Nuclear energy proponents are touting their fallacies again. They don’t seem to realize that tons of fossil fuels are typically used (for electricity and heating) in constructing and operating mining and milling processes necessary for nuclear plants.
This includes massive numbers of truck and cart hauls of uranium ore and wastes. Low-level radioactive dust infiltrates the air and waterways everywhere this transporting takes place. Small amounts of mutagenic or carcinogenic radioactive isotopes like xenon, krypton, argon and tritium are often discharged into the air from nuclear plants’ stacks, too.
Nuclear cheerleaders espouse the low cost of the actual energy generation from their process compared to other fuels, but they conveniently leave out the cost of building the actual plant. A new nuclear plant realistically costs almost $11 billion now. That and other factors make a nuclear plant’s 7.5 cents per kwh energy cost more than many of the renewable-energy generation methods — and that is with stupefying taxpayer subsidies for nuclear.

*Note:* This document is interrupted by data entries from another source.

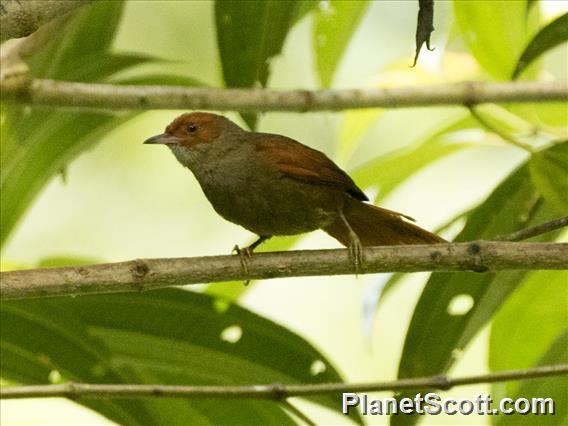Red-faced Spinetail (Cranioleuca erythrops)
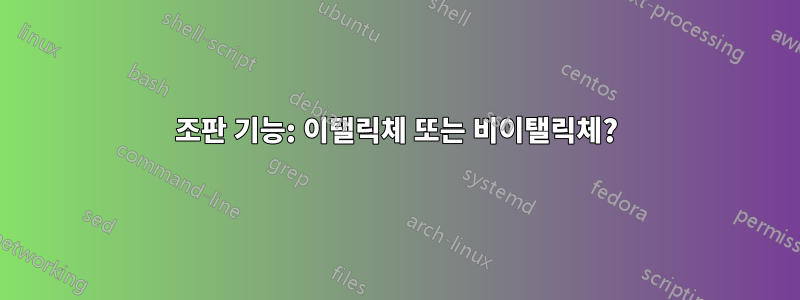 조판 기능: 이탤릭체 또는 비이탤릭체?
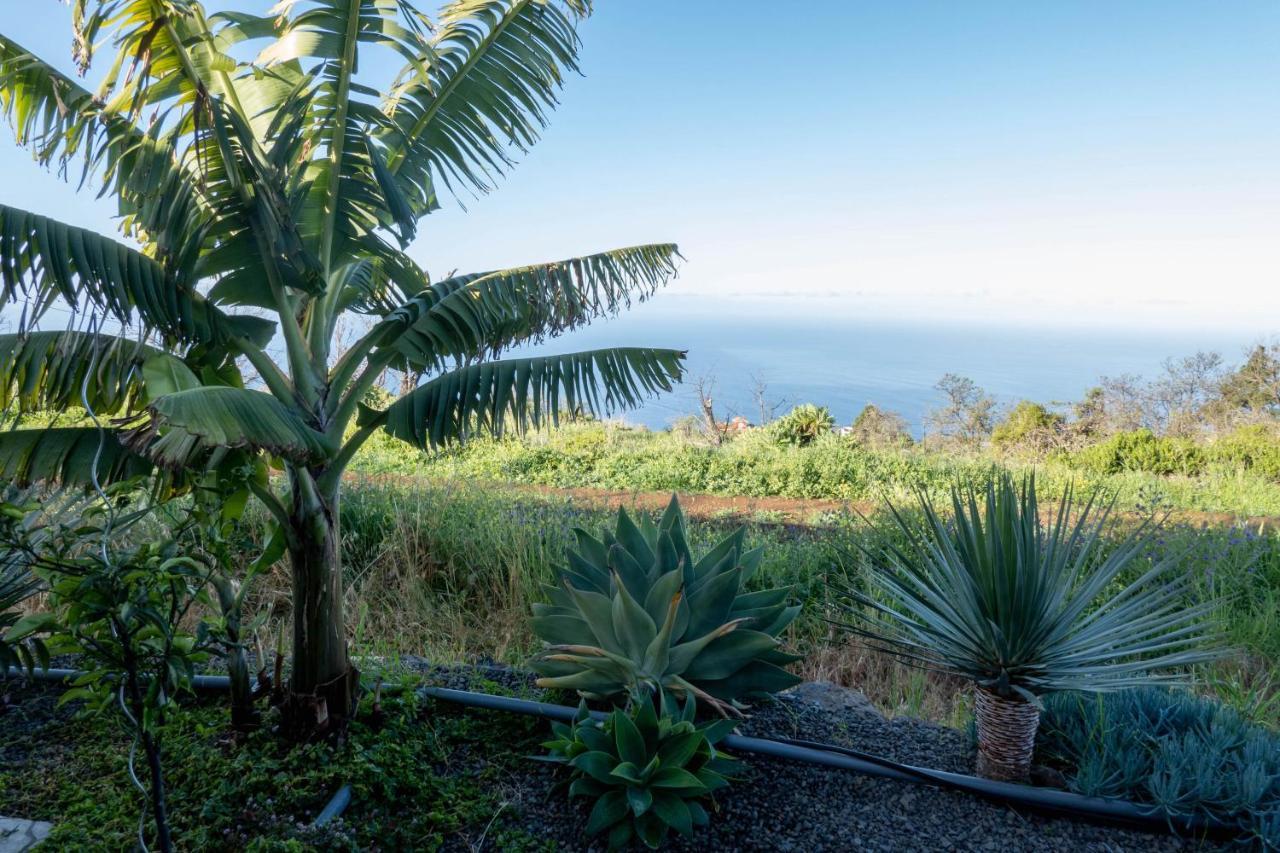 Hrlos Piratas - Ferien Haus La Palma - Good Wlan !! Тихарафе Экстерьер фото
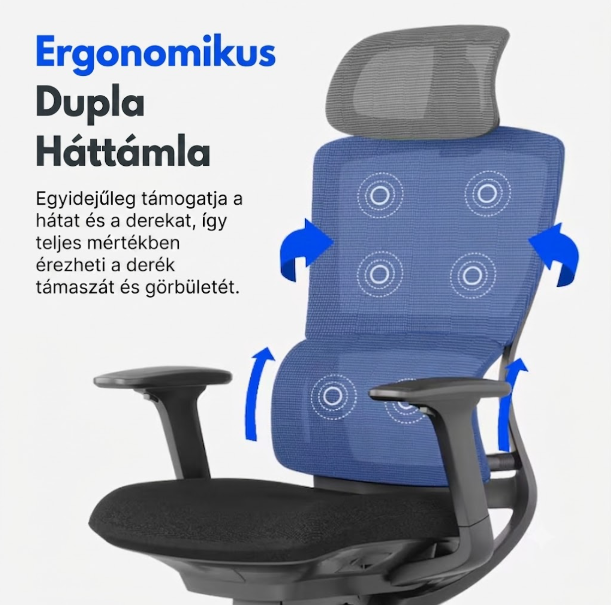 Ergonomikus irodai szék BS2, S-Alakú Kialakítás & Dupla Háttámla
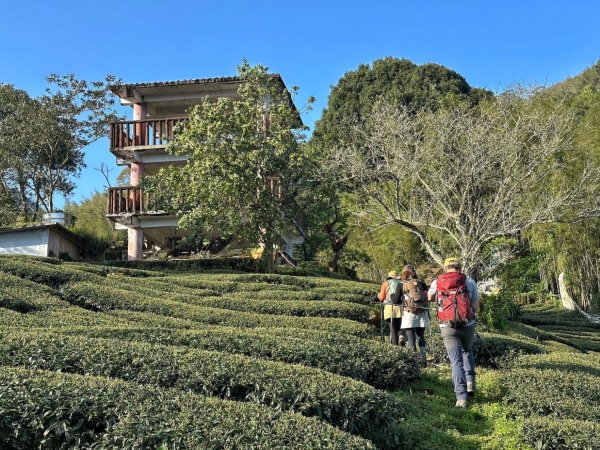 溪頭六連峰O繞2741742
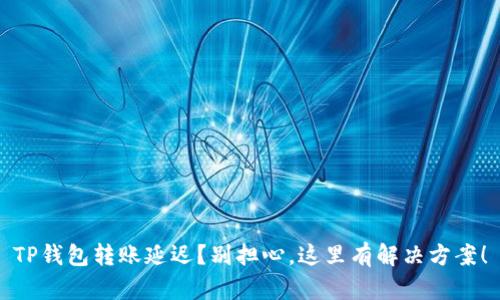 TP钱包转账延迟？别担心，这里有解决方案！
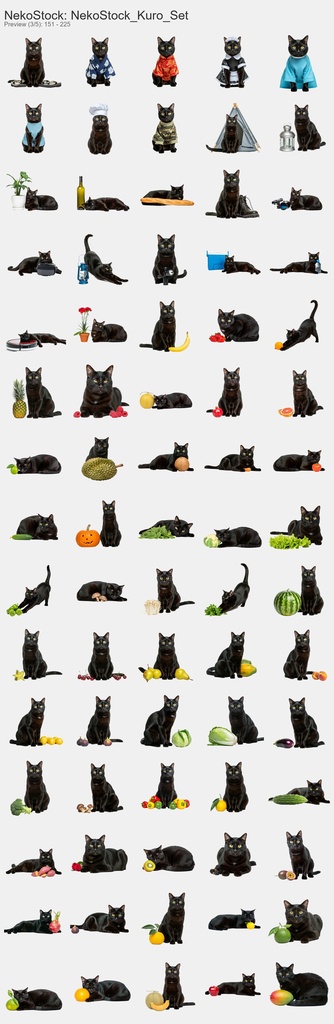 NekoStock 黒猫 コンプリートセット 359枚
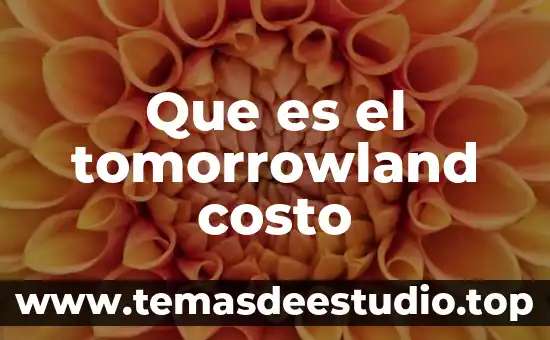 Que es el tomorrowland costo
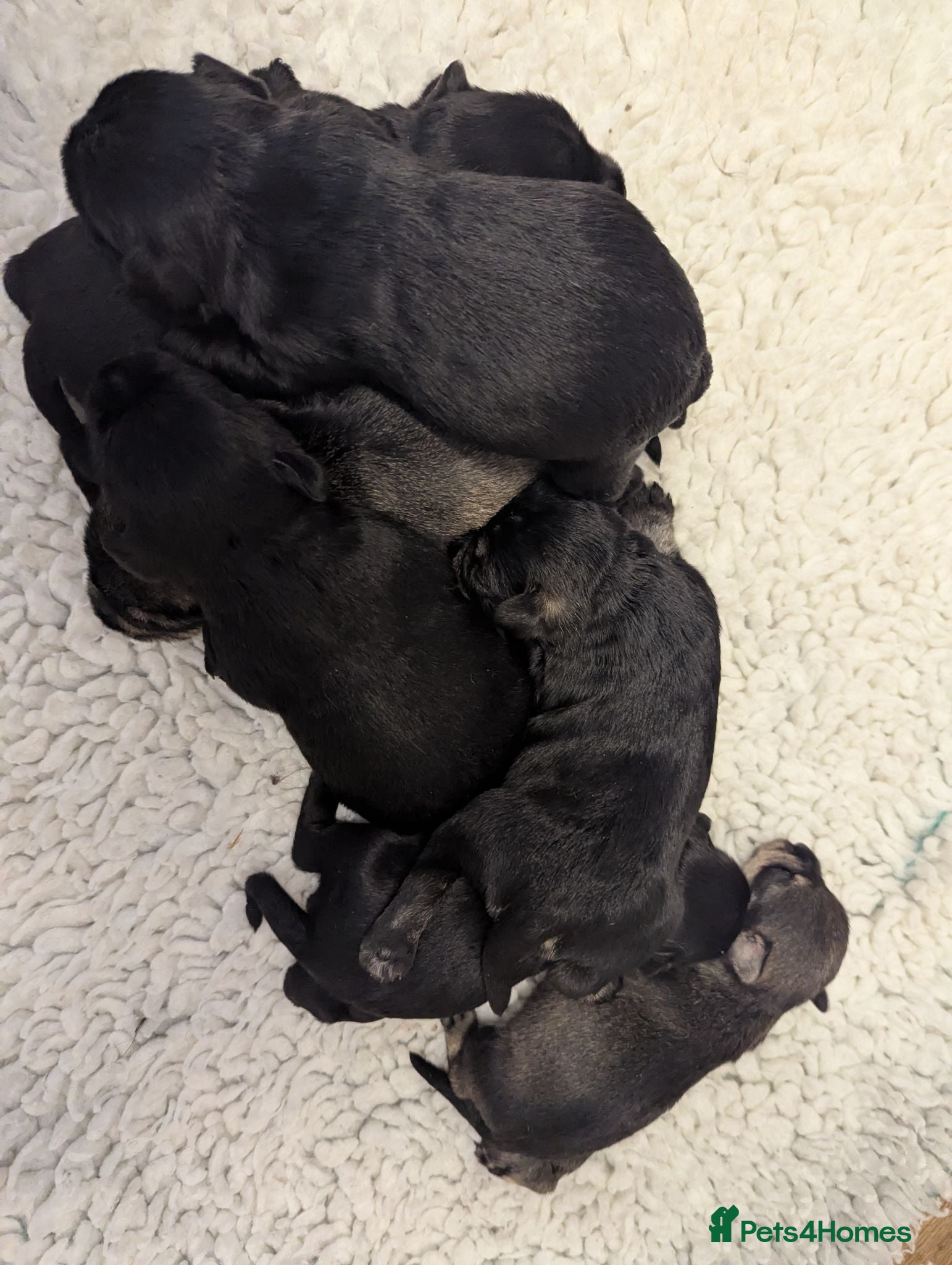 Miniature Schnauzer dogs KC reg'd,Health Tested Miniature Pups 5* Breeder - Advert 2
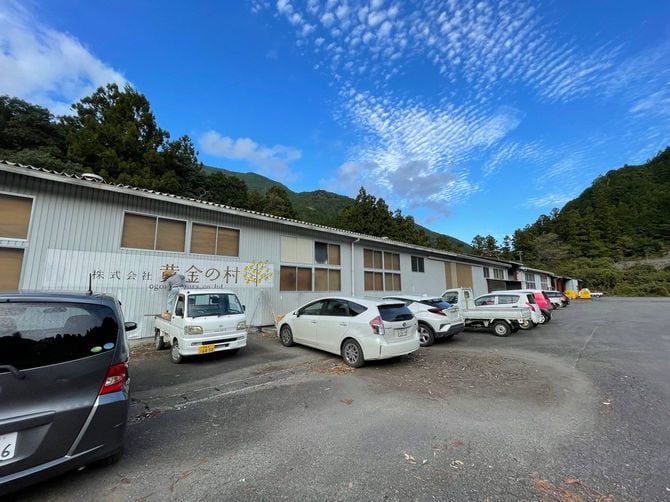「黄金の村」のユズ工場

These taxpayer subsidies include the biggest share of U.S. Energy Department research and development costs, $54 billion for 100 percent guaranteed federal loans, outright construction funds, waste clean-ups (like our own region’s $ 2.3 billion program), storage facilities security, 90 percent of a potential companies’ liability costs, a bloated Nuclear Regulatory Commission with a $930 million annual budget, higher health insurance costs for us all due to related disease, $150,000 federal compensation and full-time nursing care for impacted nuclear industry employees, and all kinds of local and state governmental employees required to permit and monitor radioactive operations.
If solar energy would have had the money that went to nuclear the last three decades, the United States could now be using the sun for most of our daytime energy and the cleanest natural-gas power plants for our nighttime and other backup needs.